Most noticeably, in Bank of America Canada v. Mutual Trust Co,  2 SCR 601, the Supreme Court of Canada dealt with the interest regime in the Ontario Courts of Justice Act. The court held that the Ontario court had jurisdiction to award compound interest notwithstanding the apparent prohibition in section 128(4)(b) of the Act against awarding interest upon interest. In arriving at that conclusion, the court relied upon Section 130 of that Act which allows a court, where it considers it just, to vary the interest rate or the time for which interest may be awarded. The court also relied upon subsections 128(4)(g) and 129(5) of that Act which excludes the court-mandated interest regime – and effectively allows a court to award interest – where interest is “payable by a right other than under this section”. The court held that the court’s common law power to award damages flows from the application of contract law and that subsections 128(4)(g) and 129(5) provide statutory authority to award compound pre‑and post‑judgment interest according to this common law power.
In the Teal Cedar decision, the Supreme Court did not refer to its prior decision in Bank of America Canada.
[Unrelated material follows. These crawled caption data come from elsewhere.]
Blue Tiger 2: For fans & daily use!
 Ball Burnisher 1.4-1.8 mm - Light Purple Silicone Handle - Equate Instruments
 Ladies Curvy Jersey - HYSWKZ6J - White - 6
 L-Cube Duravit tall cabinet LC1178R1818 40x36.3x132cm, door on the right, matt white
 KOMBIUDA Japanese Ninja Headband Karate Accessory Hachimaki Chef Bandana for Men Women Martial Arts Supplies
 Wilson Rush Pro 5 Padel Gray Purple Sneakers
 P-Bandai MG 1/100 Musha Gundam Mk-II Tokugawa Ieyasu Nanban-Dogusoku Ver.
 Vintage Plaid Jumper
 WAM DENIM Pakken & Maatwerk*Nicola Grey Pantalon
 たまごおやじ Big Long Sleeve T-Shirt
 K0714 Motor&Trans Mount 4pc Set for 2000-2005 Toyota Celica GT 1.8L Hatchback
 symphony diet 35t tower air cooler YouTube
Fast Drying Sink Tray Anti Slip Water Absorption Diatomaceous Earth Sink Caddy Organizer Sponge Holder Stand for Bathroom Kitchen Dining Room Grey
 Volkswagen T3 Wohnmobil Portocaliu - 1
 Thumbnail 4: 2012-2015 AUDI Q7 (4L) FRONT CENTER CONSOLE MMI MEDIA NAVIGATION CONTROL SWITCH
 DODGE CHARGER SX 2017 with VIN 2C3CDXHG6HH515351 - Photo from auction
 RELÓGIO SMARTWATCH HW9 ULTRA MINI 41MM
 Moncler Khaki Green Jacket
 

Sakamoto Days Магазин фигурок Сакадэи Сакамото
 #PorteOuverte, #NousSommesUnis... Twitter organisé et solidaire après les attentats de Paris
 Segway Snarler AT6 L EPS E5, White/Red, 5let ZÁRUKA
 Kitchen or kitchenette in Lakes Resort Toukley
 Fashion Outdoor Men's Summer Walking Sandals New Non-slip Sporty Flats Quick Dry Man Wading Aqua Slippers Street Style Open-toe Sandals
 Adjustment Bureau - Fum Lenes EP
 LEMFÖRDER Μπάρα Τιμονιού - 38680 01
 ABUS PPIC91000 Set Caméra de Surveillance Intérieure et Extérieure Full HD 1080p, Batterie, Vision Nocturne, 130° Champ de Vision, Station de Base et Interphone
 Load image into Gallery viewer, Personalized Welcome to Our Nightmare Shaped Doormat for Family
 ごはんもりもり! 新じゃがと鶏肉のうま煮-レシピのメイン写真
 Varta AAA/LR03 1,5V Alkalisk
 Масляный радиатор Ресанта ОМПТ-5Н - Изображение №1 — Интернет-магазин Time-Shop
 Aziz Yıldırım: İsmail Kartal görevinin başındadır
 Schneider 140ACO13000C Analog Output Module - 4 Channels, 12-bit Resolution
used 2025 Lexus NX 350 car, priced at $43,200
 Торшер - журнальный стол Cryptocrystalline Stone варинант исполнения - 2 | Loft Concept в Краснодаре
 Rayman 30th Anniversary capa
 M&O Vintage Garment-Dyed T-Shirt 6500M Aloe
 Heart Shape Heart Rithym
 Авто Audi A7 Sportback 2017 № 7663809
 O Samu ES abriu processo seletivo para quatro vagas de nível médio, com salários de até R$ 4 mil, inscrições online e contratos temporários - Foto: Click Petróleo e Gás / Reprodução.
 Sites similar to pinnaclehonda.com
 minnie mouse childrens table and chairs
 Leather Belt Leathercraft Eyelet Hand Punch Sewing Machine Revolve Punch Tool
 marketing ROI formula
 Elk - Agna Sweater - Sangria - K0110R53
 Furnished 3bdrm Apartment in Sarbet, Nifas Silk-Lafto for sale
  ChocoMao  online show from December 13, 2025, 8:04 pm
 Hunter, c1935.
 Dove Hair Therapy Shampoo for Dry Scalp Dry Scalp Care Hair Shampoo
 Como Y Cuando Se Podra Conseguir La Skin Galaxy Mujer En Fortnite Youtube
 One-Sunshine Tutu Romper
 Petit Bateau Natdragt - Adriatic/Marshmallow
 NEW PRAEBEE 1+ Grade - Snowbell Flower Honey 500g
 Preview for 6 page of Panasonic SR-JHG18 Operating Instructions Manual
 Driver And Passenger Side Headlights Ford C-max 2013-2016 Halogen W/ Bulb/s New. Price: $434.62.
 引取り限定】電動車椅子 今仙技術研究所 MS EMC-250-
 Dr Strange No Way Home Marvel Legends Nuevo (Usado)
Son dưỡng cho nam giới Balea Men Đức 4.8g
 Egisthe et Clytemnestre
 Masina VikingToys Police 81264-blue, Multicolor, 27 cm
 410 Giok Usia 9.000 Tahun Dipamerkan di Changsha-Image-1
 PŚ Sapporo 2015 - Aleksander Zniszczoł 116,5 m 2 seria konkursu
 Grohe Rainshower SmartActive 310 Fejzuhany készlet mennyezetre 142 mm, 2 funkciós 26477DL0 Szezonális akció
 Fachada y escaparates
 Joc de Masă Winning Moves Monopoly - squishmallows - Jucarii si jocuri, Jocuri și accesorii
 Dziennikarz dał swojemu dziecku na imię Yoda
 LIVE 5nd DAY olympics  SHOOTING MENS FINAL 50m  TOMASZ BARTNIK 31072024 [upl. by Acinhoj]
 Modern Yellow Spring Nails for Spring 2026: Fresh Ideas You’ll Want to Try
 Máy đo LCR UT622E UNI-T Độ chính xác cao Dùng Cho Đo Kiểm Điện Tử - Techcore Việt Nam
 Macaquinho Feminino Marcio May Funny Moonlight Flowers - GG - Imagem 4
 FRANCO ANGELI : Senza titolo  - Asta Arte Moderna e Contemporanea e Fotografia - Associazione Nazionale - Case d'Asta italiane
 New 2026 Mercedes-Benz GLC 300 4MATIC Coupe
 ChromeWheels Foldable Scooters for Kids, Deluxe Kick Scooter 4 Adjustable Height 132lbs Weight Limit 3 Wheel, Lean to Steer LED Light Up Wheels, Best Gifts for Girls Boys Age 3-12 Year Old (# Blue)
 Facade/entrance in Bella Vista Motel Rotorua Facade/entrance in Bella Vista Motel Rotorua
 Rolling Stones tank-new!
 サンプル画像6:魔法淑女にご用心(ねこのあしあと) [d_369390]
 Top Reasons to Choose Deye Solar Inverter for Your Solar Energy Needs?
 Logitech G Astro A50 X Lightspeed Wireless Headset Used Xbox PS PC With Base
There appear to be two relevant differences between the interest regime in the B.C. COIA and the interest regimes in the Alberta Judgment Interest Act and the Ontario Courts of Justice Act.
First, the latter two statutes give the court the power to award a different rate of interest (Alberta, section 2(3); Ontario section 130(1)(b)).
Second, the latter two statutes give the court the power to award interest “where the payment of pre‑judgment interest is otherwise provided by law” (Alberta, section 2(2)(i); Ontario, section 128(4)(g) and 129(5)). As already noted, it was those subsections that were relied upon by the Supreme Court in the Bank of America Canada decision for the conclusion that the Ontario court did have power to award compound interest notwithstanding the apparent prohibition of compound interest in section 128(4)(b).
Those powers do not appear in the B.C. statute. The only apparent exception to the mandatory simple interest rate in the BC Act is “an agreement about interest between the parties”.
The apparent result is that, for both court and domestic arbitration proceedings in British Columbia, compound interest cannot be awarded, unless there is an agreement between the parties dealing with interest. There does not appear to be any basis to distinguish between court and arbitral proceedings as the domestic arbitration act adopts the court interest regime.
In other provinces which have interest statutes like those in Alberta and Ontario, compound interest can be awarded both by courts and by domestic arbitral tribunals.
So far as international commercial arbitration is concerned, the B.C. International Commercial Arbitration Act (ICAA) does not contain any provision relating to interest that is similar to that found in the CAA. Section 31(7) of the B.C. ICAA empowers the arbitral tribunal to award interest, unless the parties have agreed otherwise. But there is no reference to the rates or compounding of interest. Accordingly, international commercial arbitral tribunals in British Columbia appear to have a wider authority to award interest than domestic arbitral tribunals.